I’d like to mention two things that I really appreciate about this series, that I don’t believe any other review has touched upon. Robb always makes the murder victim and their family into real people. In this case, the victim is someone who gets zero sympathy, but you can’t help but feel for Trudy’s son Bobby, who would sneak food to Eve when she was punished as a child. Robb writes grief and the bewilderment that so often accompanies it so very well.
Another aspect of these books that I love is the humor. Eve, tortured, tormented soul that she is, is also a stitch whose curmudgeonly outlook always makes me laugh. Some of my favorite moments this time:
- Eve, thinking of her husband: “He’d probably been in one of his hundreds of weekly meetings, making plans to buy a freaking solar system.”

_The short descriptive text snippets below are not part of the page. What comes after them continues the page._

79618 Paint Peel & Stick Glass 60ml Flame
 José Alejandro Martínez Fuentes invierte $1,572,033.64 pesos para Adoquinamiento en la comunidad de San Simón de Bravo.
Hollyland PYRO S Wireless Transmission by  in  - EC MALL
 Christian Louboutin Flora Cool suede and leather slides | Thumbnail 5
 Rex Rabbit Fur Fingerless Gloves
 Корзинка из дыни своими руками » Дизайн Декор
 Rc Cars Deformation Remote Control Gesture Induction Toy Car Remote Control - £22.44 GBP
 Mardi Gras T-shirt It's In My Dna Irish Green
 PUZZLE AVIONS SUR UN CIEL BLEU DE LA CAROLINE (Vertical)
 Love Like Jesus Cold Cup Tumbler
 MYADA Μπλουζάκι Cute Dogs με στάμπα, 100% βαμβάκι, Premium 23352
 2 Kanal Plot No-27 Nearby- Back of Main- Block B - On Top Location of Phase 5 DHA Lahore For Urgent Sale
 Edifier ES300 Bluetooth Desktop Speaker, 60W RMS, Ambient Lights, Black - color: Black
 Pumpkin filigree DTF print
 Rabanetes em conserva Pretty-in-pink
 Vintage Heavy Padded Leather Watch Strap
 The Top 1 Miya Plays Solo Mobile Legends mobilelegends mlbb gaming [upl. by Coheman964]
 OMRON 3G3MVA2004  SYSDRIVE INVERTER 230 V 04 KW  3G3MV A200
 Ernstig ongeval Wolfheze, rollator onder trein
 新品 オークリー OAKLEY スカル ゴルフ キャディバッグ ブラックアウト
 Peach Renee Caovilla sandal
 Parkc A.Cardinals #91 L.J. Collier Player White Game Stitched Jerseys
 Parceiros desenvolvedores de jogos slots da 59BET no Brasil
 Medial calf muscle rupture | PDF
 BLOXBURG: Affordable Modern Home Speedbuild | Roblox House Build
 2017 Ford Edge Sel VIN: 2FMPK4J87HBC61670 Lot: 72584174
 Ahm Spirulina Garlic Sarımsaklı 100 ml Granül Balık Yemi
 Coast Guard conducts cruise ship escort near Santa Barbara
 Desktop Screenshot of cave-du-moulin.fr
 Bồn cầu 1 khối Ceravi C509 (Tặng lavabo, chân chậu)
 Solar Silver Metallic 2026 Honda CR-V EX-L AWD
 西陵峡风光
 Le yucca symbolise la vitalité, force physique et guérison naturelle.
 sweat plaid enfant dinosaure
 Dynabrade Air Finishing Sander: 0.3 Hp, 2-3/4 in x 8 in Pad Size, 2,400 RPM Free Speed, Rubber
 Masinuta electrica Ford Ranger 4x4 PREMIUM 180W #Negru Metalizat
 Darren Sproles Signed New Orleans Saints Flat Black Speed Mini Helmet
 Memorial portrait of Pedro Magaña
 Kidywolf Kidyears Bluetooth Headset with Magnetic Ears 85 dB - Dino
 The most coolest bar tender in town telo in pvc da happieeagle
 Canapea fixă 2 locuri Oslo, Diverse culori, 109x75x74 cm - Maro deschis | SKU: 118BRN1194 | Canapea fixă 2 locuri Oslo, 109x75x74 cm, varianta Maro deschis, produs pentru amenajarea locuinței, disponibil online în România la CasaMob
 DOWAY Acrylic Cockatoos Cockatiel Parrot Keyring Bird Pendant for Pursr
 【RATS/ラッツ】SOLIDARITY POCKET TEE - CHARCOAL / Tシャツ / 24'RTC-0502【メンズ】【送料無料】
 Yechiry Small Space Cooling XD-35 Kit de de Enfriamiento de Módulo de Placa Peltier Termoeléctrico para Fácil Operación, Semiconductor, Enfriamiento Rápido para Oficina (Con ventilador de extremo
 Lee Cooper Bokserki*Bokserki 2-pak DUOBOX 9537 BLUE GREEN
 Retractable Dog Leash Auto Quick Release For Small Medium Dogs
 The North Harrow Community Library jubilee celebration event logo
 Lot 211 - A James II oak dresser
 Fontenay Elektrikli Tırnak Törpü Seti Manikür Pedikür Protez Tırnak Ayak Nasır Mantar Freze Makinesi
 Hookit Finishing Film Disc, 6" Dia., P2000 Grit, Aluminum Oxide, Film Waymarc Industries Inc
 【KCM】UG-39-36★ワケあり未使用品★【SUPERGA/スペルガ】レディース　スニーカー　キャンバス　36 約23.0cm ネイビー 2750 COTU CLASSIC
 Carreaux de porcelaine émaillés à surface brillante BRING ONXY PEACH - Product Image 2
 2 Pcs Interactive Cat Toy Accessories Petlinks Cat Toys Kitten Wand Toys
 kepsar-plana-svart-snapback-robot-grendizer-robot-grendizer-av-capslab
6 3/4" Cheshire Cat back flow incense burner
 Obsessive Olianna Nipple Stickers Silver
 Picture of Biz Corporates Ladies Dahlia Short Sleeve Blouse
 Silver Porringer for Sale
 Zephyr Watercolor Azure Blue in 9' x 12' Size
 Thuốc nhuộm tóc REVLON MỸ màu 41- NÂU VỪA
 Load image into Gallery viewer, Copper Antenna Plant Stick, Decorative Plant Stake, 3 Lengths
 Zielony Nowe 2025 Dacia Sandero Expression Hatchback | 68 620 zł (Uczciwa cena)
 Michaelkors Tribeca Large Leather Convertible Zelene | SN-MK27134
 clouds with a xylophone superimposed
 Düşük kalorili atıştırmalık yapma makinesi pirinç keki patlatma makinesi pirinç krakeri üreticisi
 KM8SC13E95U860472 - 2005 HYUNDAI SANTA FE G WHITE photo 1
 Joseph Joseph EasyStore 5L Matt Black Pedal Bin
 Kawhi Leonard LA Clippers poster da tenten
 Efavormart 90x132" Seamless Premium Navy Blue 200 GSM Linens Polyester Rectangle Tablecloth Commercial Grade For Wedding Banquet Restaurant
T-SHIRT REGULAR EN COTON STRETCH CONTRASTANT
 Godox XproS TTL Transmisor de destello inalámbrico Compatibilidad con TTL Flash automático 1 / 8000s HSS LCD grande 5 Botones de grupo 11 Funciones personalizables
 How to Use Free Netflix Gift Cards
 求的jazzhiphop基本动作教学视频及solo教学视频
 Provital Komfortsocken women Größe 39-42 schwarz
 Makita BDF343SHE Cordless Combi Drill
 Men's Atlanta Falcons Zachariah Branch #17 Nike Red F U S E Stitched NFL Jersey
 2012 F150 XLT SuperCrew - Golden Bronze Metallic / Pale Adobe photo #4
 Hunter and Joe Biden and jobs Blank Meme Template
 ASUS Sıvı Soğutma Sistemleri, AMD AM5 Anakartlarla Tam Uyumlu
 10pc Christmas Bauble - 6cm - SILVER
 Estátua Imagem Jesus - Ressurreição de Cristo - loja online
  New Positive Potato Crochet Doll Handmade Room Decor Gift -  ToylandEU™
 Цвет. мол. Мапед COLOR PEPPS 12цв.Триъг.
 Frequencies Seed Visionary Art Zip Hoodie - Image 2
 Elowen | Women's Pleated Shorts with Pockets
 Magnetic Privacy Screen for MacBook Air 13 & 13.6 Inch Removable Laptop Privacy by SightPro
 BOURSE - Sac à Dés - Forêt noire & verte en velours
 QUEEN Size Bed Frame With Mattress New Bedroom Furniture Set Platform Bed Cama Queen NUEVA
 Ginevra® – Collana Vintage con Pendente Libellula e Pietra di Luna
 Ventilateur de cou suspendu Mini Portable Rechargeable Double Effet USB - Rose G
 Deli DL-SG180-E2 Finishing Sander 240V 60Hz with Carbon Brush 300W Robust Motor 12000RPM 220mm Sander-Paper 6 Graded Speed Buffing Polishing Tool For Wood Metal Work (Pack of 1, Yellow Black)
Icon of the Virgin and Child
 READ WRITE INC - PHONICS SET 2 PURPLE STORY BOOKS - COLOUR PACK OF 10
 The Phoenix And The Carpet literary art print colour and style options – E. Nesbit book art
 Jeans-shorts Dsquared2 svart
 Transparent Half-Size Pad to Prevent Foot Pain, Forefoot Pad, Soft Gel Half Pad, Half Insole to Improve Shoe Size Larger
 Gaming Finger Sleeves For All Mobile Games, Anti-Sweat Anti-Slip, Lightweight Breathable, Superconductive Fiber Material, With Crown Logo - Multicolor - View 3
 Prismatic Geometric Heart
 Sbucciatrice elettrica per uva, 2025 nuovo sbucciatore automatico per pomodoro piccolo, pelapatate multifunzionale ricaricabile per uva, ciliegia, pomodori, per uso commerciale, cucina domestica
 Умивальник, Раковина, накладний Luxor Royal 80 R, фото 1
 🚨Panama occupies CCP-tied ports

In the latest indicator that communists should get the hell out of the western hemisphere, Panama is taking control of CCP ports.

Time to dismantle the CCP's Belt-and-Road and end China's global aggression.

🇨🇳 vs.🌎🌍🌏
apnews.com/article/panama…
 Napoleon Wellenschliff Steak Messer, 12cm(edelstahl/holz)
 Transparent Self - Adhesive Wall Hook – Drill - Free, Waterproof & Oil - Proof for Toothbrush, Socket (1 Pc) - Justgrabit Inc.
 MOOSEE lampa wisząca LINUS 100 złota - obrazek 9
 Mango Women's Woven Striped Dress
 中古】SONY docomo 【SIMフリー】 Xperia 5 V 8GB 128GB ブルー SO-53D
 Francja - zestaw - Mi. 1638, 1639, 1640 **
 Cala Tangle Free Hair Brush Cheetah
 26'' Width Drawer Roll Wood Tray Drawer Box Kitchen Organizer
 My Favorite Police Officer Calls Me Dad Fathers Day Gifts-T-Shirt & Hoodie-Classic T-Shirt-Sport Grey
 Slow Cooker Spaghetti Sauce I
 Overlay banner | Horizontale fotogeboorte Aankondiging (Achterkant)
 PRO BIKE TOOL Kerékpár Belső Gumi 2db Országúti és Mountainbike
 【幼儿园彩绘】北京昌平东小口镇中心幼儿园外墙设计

- Trying to identify the weather Roarke says, “It’s not snow, not rain, not even really sleet. It must be–”
“Crap,” she said. “It’s cold, wet, crap.”
- Peabody has been buying Christmas presents for the very pregnant Mavis’s baby, and Eve thinks to herself, “What the hell did you buy for a fetus anyway? And why did nobody else think that was kind of creepy?”
But the overall theme of this book is Home, as Eve ponders her past home life and her present. What is home? What makes a home? And, more importantly, who makes a home? She has truly become comfortable and appreciative of her physical and emotional home with Roarke. It is nice, after seeing Eve struggle with her demons for so long, to see her, even temporarily, content and at home.